Well, you’d be looking at the wrong side of the planet. BYD, or Build Your Dreams, is a Chinese manufacturer based in Shenzhen. It produces batteries, solar panels, forklift trucks, trains, buses, cars and more, and it’s recently burst onto the European car market, including the UK. Last year, it made 1.85 million plug-in cars.
BYD is no small deal, then. It was established in 1995 chiefly as a battery producer, while the automotive arm – BYD Auto Co Ltd – arrived in 2003. At the end of 2022, it produced one in every five phone batteries around the globe, was the second-largest producer of high-voltage vehicle batteries, had registered 28,000 patents and employed 600,000 people globally across six continents, 70 countries and 400 cities.

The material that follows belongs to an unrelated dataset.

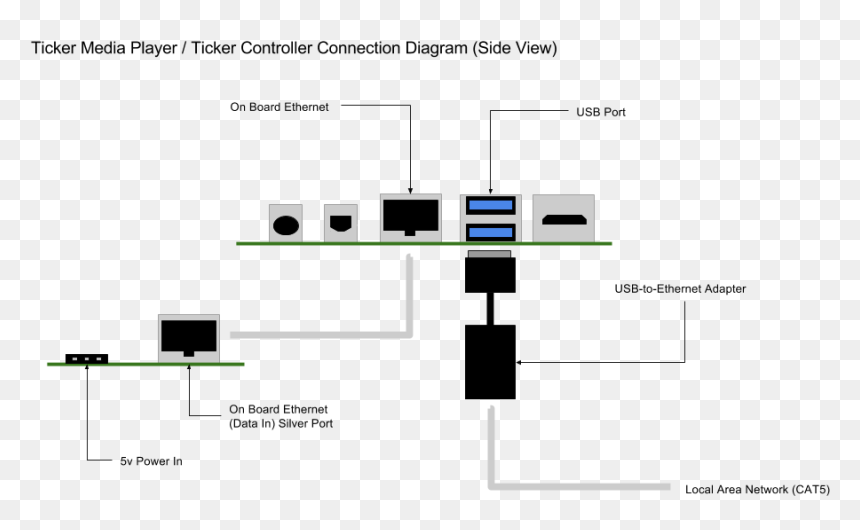 Diagram, HD Png Download - ethernet png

The caveat about that 1.85 million battery car sales figure is that this includes plug-in hybrids. A total of 911,141 BYD sales in 2022 were BEVs, and 946,238 were PHEVs. Tesla still dominates BEV sales, with 1.3 million sold globally last year, but that may change in 2023 despite BYD not being in North America (the second-largest car market after China). Not yet, anyway...
And who provides the batteries for the Tesla Model Y in the American maker’s Grünheide factory in Germany? Yup: BYD.
On the subject of parts and battery manufacturing, we have reached the core strength of BYD, which can produce almost every part of its vehicles in-house. Semiconductors, wiring looms, interior furnishings, touchscreens, electric motors, combustion engines, battery packs and almost anything else you can think of: it’s all made by BYD in one of its six China-based manufacturing plants, and there’s another battery plant on the cards for China, too. On the Atto 3, for instance, only the glass and tyres are produced by third parties.
We know that BYD is big, then. Big in manufacturing, and now bigger than Tesla on a global scale when it comes to passenger cars alone. All of which makes its underlying anonymity even more unsettling to a European market that has grown used to familiar, long-established brands.